For the last few nights I’ve been sitting on my stoop outside my front door watching the moon rise over the Acacia tree in my neighbor’s yard. Whether eating my dinner, reading a book or just staring off into the beautiful African sky it has helped me come back to center. Or at least begin my journey back to a place of peace. I haven’t written in a while because I have not felt inspired. The being here for a year and a half has started to take its toll on me- whether it’s the loneliness, frustrations at work, lack of human connection or just a daily routine that no longer sustains me, I’ve spent the last few months feeling a bit empty. When I don’t feel filled up it’s hard to write about what’s going on here because I feel my negativity spill out onto the page and that’s not the kind of energy I want to be sending into the world. Instead I’ve spent time processing with myself and others, here and abroad, and have managed to find that light in the tunnel. Not the light at the end of the tunnel…I’ve accepted the fact that until that final breath I’ll always be in some sort of tunnel and it’s my responsibility, no, my privilege to light my own path. Take responsibility and act on what I have control over- my mind, my body, my soul.
I feel like since I’ve been here I’ve learned so much, grown in so many ways- big and small- and then I hit a point around February where I was over it. I’ve learned a lot, I get it, time to move on. But that’s just an excuse to not take control over my own happiness. I was journaling about looking forward to the new lessons I was bound to learn but then I got impatient with the redundancy of life here. I kept thinking ‘fine, I understand, gotta love myself, be my own best friend, my own cheerleader, be comfortable in the loneliness, I know I know I know, I do I do, I am I am.’ But then shortly after affirming this understanding within myself, I looked in the mirror and called my own bluff. If I’m so comfortable living alone, if I really am my own best friend, if I really am my own cheerleader then why am I not happy living alone, being my own best friend, or being my own cheerleader?!?! This experience can never be recreated. I’ll never have a first time living abroad. This moment is here and then it is gone. So if I’m not ok now, if I’m not full now, then moving on to the next adventure will continue to leave me searching.
I’ve been sitting on the edge of this cliff for a long time, perhaps for a year and a half waiting to take the leap and now I’ve begun a deeper descent within. I’ve got six months to be here. To really be here and fill my own cup and I’m trying on some new things that I was perhaps avoiding before. I’ve paved my own way for this next step and I know that I’m ready to uncover more layers of myself and in turn connect deeper to this place.

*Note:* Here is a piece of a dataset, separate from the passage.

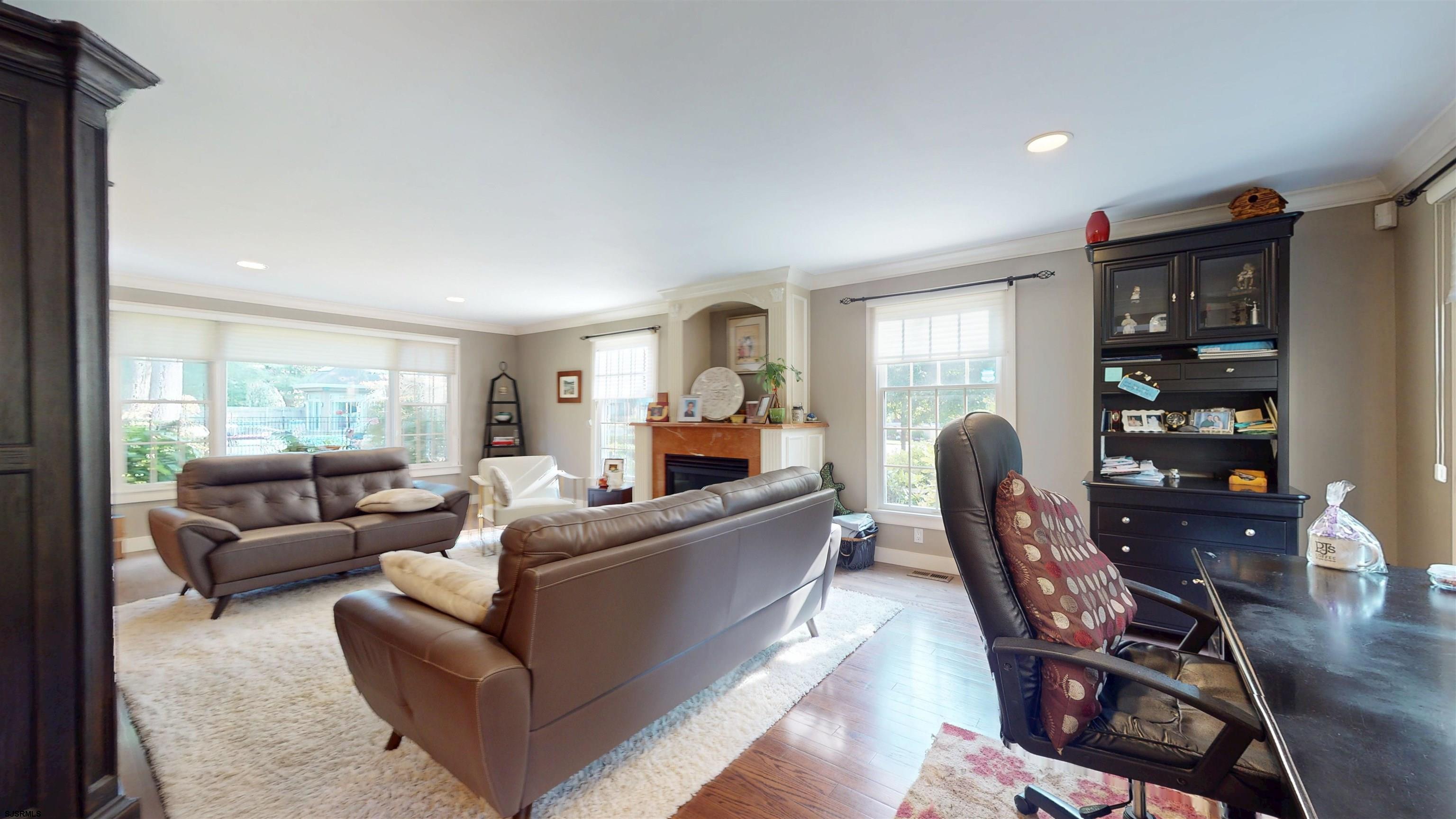 Linwood, New Jersey, 08221, United States, 6 Bedrooms Bedrooms, ,5 BathroomsBathrooms,Residential,For Sale,1975811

Last week the Uukumwe Bike Shop organized it’s first philanthropic effort :) Ten percent of the shops earnings are donated to the community and this year our committee decided to donate school bags and stationery to learners at Nkurenkuru combined school. We had N$3000 to work with and from that we were able to purchase 40 bags each with a notebook, pens, pencils, a ruler, eraser, and sharpener. Our Monday meeting folks brainstormed needed items and together we went to Pep and worked with the manager to get a 5% discount on said items. This all happened on Tuesday of last week while another group was meeting with the Principal and teachers at the school to identify 40 learners who were in need of these small giftys. Friday we went to the school to deliver the bags and the principal had organized a small programme- I played the part of camera lady and the three managers of the bike shop spoke about our community donation and presented the learners with their bags. There was cultural dancing and a small speech from some staff at the school. Overall it was a wonderful moment for our group and for the kids who received the materials- many of them were caring their school supplies in plastic bags. While there are well over 40 kids who could have used the materials it was all we could afford at the time. The bike shop folks will be doing a similar programme every year- looking at ways to give back to their own community and then organize their own event. I was happy to be a part of intercommunity partnership and philanthropy. I tried to explain what that word meant to some people with little success. I know many people still see the foreigner giving ‘money’ to the community even though it wasn’t my money or my decision to do the school materials…..but I’m ok with that for now. In December I’ll be gone and the bike shop will run without me and they will deliver more goodies to ‘those in need’ and people will have the chance to understand then :)
Saturday afternoon some teachers at the school, Rachel and Caleb (PCVs) and myself gathered the hostel learners for our first game day. We’ve finally begun implementing our Saturday activities with them and this first day was a hit! We went to the soccer field and played games for an hour and a half- sharks and minnows (renamed Lions and Springbok:) ), elbow tag, and then some stationary teambuilding games cause the kids were pretty worn out :) Our plan is to meet every Saturday and do either games like that or trash clean-ups around the hostel and then make crafts with what we find. Also, we’ll throw in a movie night every once in a while. The Hostel Project has taken on a different form- will write about that eventually- and right now while waiting for our community partners to meet us half way we’re focusing on the kids and spending time with them.
Two bursts of joy that aided in my recent mind shift- we’ll see what’s next on the journey!!